It's in Fashion to Tie Up with Designers - The Economic Times
July 20, 2011
From Lakme to Timex, marketers are leaning on designers for biz associations
This month, India's largest make-up brand Lakme announced the launch of Lakme Absolute, a high performance long wear make-up line co-created by fashion designer Manish Malhotra.
Last month, watchmaker Timex said it will take its bridal line of jeweled watches designed by Tarun Tahiliani, and branded 'TT for Timex', to the US and Canada next year.
Last to last month. Well, there are plenty of examples for the fashion fraternity's growing bonhomie with India Inc over the last couple of years.
Marketers are increasingly leaning on homegrown designers for business associations ranging from signature lines to limited-edition special range to woo India's new class of young and ambitious consumers who would happily pay a premium to stand out in a crowd.
"To build a stronghold in the market, brands are exploring ways to connect with the Indian audience. Indian designers are the best bet for the same, since they have a specific style and can fuse Indian and international designs brilliantly to develop an aspirational product," says Timex India Managing Director & CEO VD Wadhwa.
BOOMING TREND
What began as a tentative move with watchmaker Titan roping in designer Rohit Bal to create a range of luxury watches in 2003 and Bombay Dyeing getting Sabyasachi Mukherjee to create an exclusive signature line of bed sheets and towels in 2007, has now become a routine branding exercise.
Last year, sportswear and apparel maker Adidas signed a five-year strategic partnership with Delhi-based fashion designer duo Shantanu and Nikhil to launch the S&N Adidas line for Adidas Style Essentials.
"We wanted a brand association which would give us scale and accessibility-which is what the Adidas association brought for us," says Shantanu Mehra of Shantanu & Nikhil. He says it was a game of golf two years ago--when his partner Nikhil Mehra had a conversation with some global executives of the German sportswear brand at a golf course-that led to the association. And designer ranges are going places. If Timex plans to take its TT for Timex line abroad, tobacco-to-hotels giant ITC plans to take its Wills Signature line, made with the help of top fashion designers, to smaller towns. "With positive consumer sentiment and demand for high-end glamour from tier-two markets, we have extended Wills Signature designer wear to stores in Lucknow, Raipur, Guwahati and Siliguri," says Atul Chand, chief executive of ITC's lifestyle retailing business.

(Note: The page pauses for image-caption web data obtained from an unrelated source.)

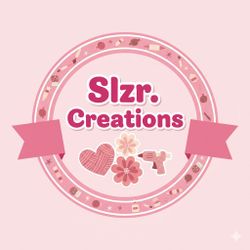 Arts and crafts Creations, Bows, Moños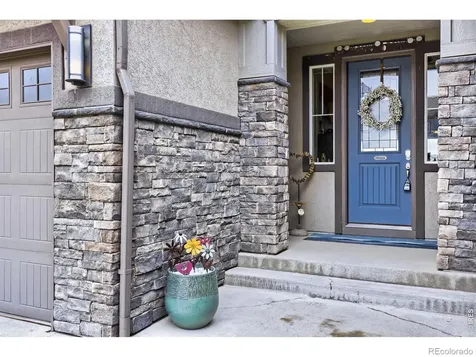 18401 W 93rd Place Arvada CO 80007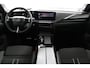 Opel Astra Sports Tourer 1.2 Turbo 136PK Hybrid GS | Navigatie | Camera | Adap. cruise control | Head-up display | Matrix LED koplampen |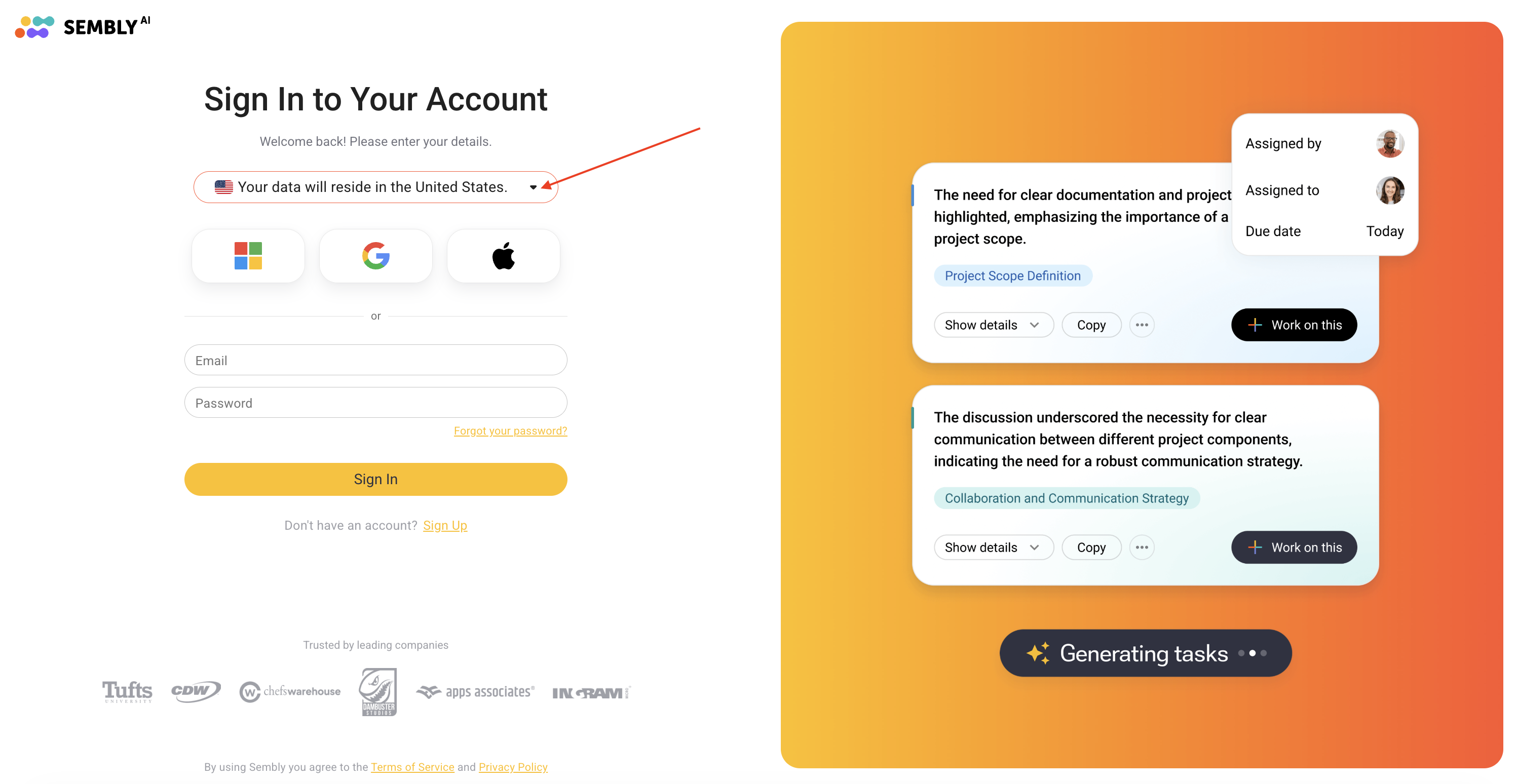 Screenshot 2025-10-23 at 18.51.15.png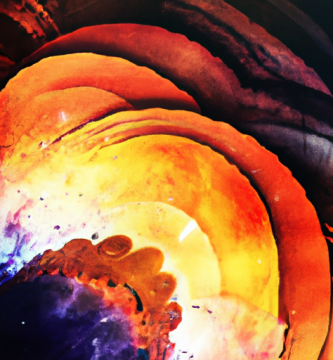 Explorando el Carácter entre un Hombre Géminis y una Mujer Capricornio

The designer line was launched a few years ago to leverage what Chand calls a "ramp to rack" sponsorship of Wills Lifestyle India Fashion Week.
HUGE POTENTIAL
What is driving this new-found love for designer lines are increasing fashion awareness and discretionary spending on the part of consumers, and marketers' need to differentiate in an increasingly crowded and commoditised market. And designers say there's scope for a lot more.
"There have been an increasing number of collaborations between corporates and designers, but unfortunately most corporates consider these as shortterm arrangements," says Delhi-based designer Ashish Soni. "That needs to change."
In developed markets, for example, most marketer-designer partnerships are long term. Some of the renowned associations that worked for both parties include Adidas' association with UK designer Stella McCartney for a range of sportswear, Puma's tie-up with late Alexander McQueen for a special line of trainers, and British retailer Debenhams' special ranges with a host of designers.
"Here too (in India), the associations need to be less fashionweek centered and move towards the full-year tied-ups," Soni says.
It won't take long because many ventures are already paying off.ITC's Chand says his firm is backing the largest corporate-designer collaboration of its kind in the country with advertising, promotions, show windows, visual merchandising, direct marketing and social media activation. Wills Signature now accounts for about 15% of Wills Lifestyle range.